They spoke little and only occasionally, in short sentences that never became conversation or dialogue, any hint of which died a natural death, interrupted by the attention that the woman was giving to her body, in which she was utterly absorbed, and by the indirect attention that the man, too, was giving to her body, through his camera lens. In fact, I don’t recall his ever stopping to look at her directly, with his own eyes, with nothing between his eyes and her. In that respect, he was like me, for I, in turn, viewed them either through the veil of my myopia or through my magnifying hat. Of the four of us, only Luisa could see everything without difficulty or mediation. I don’t think the woman saw or even looked at anyone; she used her mirror only to scrutinize and inspect, and often put on a pair of extravagant space-age sunglasses.

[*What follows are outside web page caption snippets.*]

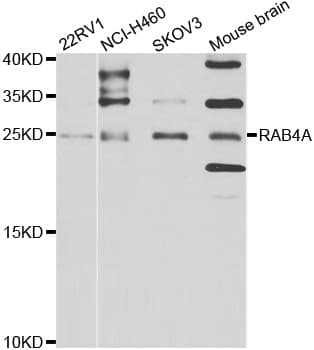 IHC-plus™ RAB4A / RAB4 Antibody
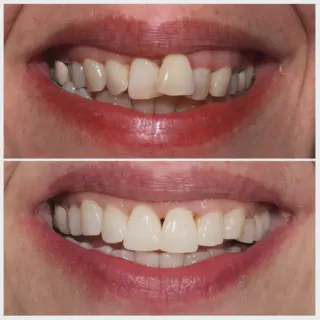 /img/25655-perfect-smile-teeth.webp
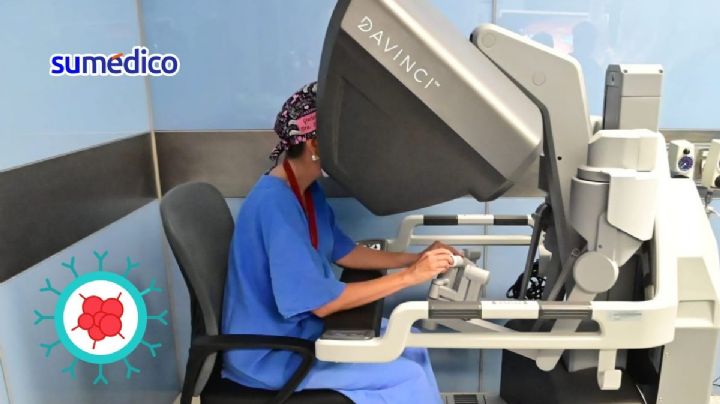 Cirugía Robótica: Así mejora la precisión y recuperación del cáncer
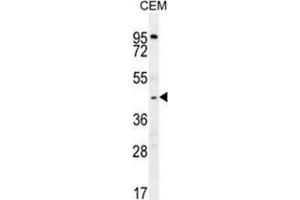 Western Blotting (WB) image for anti-Zinc Finger, MYND-Type Containing 10 (ZMYND10) (AA 328-356), (Middle Region) antibody (ABIN955675)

“The sun’s hot today, isn’t it? You should put on more sunscreen—you don’t want to burn,” the fat man would say, pausing in his circular tours of his adored one’s body, and when he didn’t receive an immediate answer he’d say her name, the way mothers say their children’s names: “Inés. Inés.”
“Yes, it’s definitely hotter than yesterday, but I’ve put on some S.P.F. ten,” Inés replied, reluctantly and barely audibly, while, with a pair of tweezers, she plucked a tiny hair from her chin.

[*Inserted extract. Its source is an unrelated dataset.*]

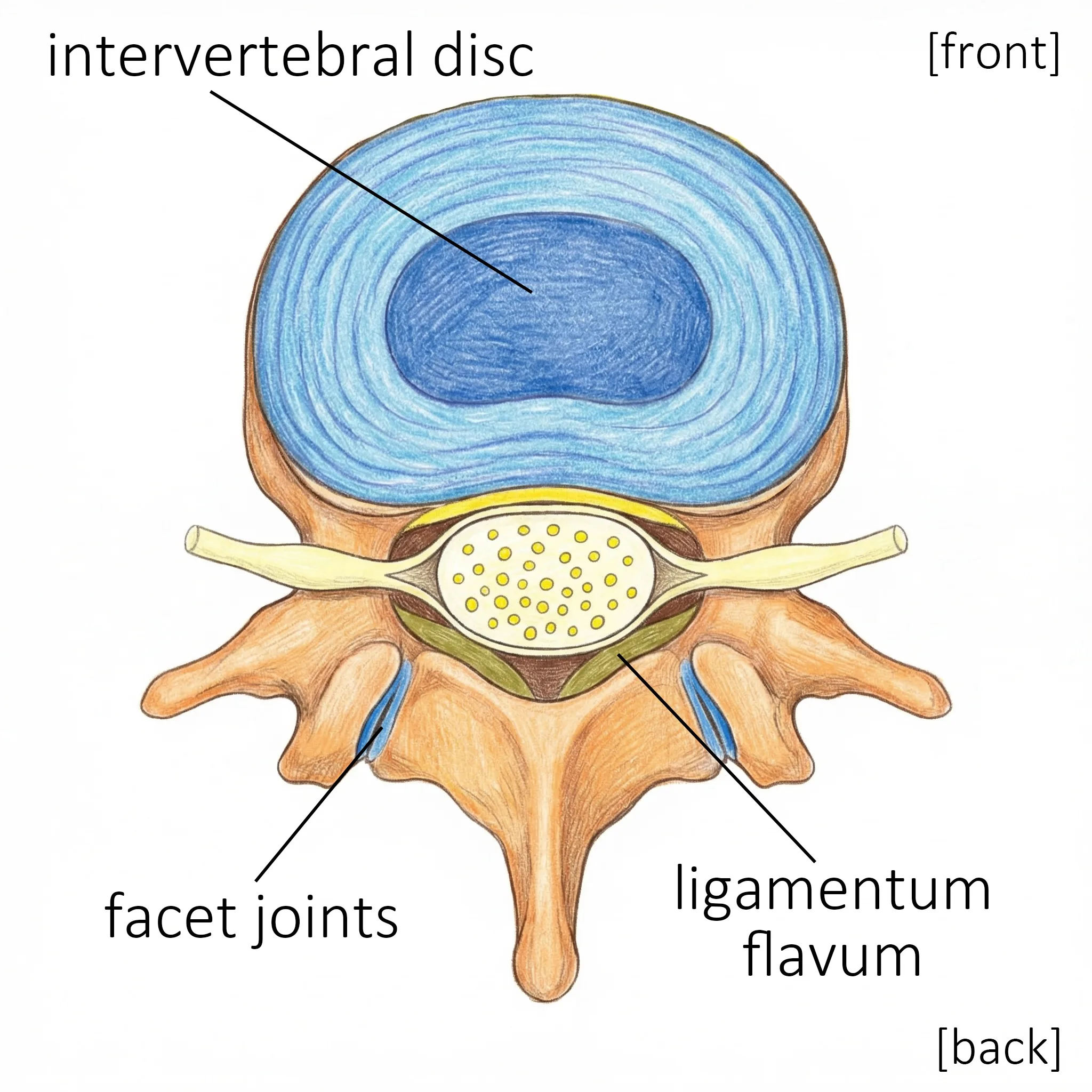 Cross-sectional view of a lumbar vertebra showing the intervertebral disc, spinal canal, facet joints, and ligamentum flavum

And there the conversation would end.
One day, Luisa—because she and I did have conversations—said, “To be honest, I don’t know whether I’d enjoy being filmed like poor Inés. It would make me nervous, although I suppose I’d get used to it in the end if someone was doing it all the time, like the fat man. And then perhaps I’d take as much care of myself as she does, although she probably takes so much care only because she’s constantly being filmed and knows she’ll see herself later on film—or perhaps just for posterity.” Luisa rummaged around in her bag, took out a small mirror, and studied her eyes, which, in the sun, were the color of plums, with iridescent flecks in them. “Then again what kind of posterity would want to waste its time watching those tedious videos? Do you think he films her the rest of the day, too?”“Probably,” I said. “Why limit himself to the beach? I doubt he needs it as an excuse to see her naked.”

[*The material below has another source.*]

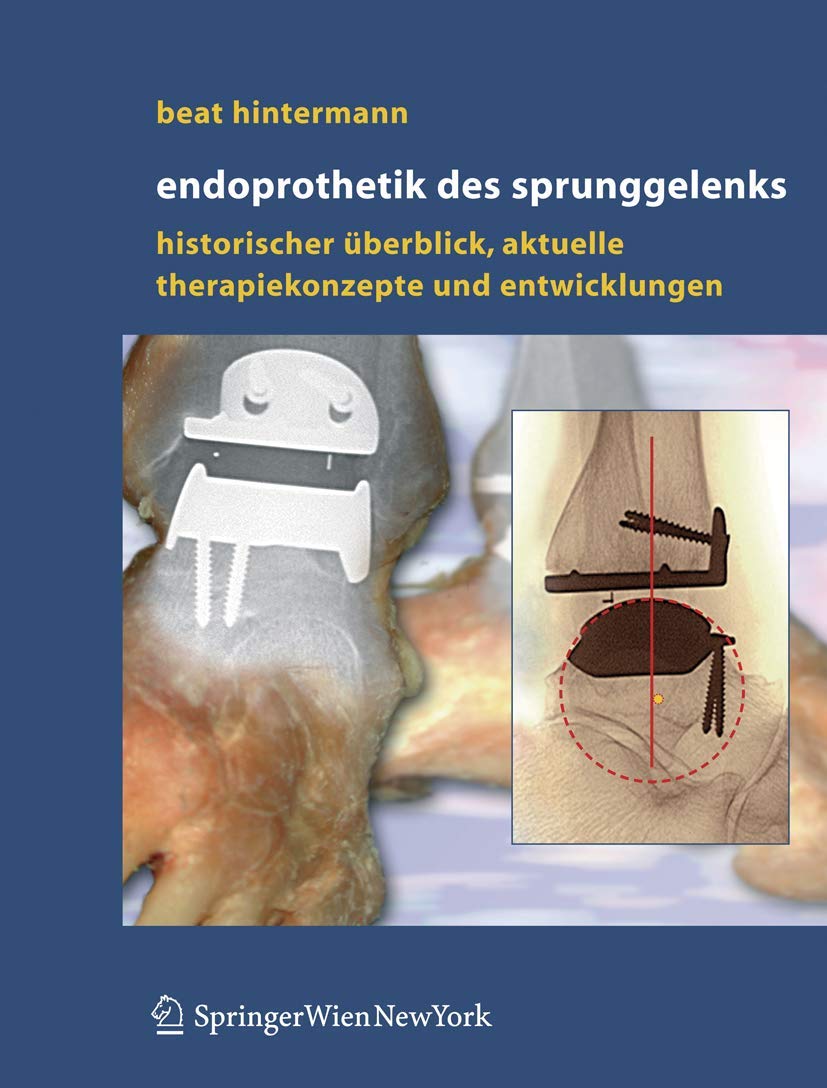 Endoprothetik des Sprunggelenks: Historischer Überblick, aktuelle Therapiekonzepte und Entwicklungen Medicine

“I don’t think he films her just because she’s naked. I bet he does it all the time, perhaps even when she’s sleeping. It’s touching, really. He obviously thinks only of her. Poor Inés. Not that she seems to mind.”
That night, after we got into our double bed at the hotel, both at once, each on our own side, I lay thinking about the things we’d said, which I’ve just set down in writing, and, unable to sleep, I spent a long time watching Luisa sleeping, in the dark, with only the moon to light her. “Poor Inés,” she had said. Her breathing was very soft, but still audible in the silence of the room, the hotel, and the island. Her body was immobile, apart from her eyelids, beneath which her eyes were doubtless moving about, as though they couldn’t get used to not doing at night what they did during the day. Perhaps the fat man is awake, too, I thought, filming the beautiful Inés’s perfectly still eyelids, or maybe he is pulling the sheets off her and very carefully arranging her body in different positions to film in her sleep. With her nightgown pushed up, perhaps, or with her legs apart, if she isn’t wearing a nightgown or pajamas. Luisa didn’t wear a nightgown or pajamas in the summer, but she did wrap the sheet around her like a toga, clasping it to her with both hands, though a shoulder or the nape of her neck would sometimes come uncovered, and then, if I noticed it, I would cover her up again.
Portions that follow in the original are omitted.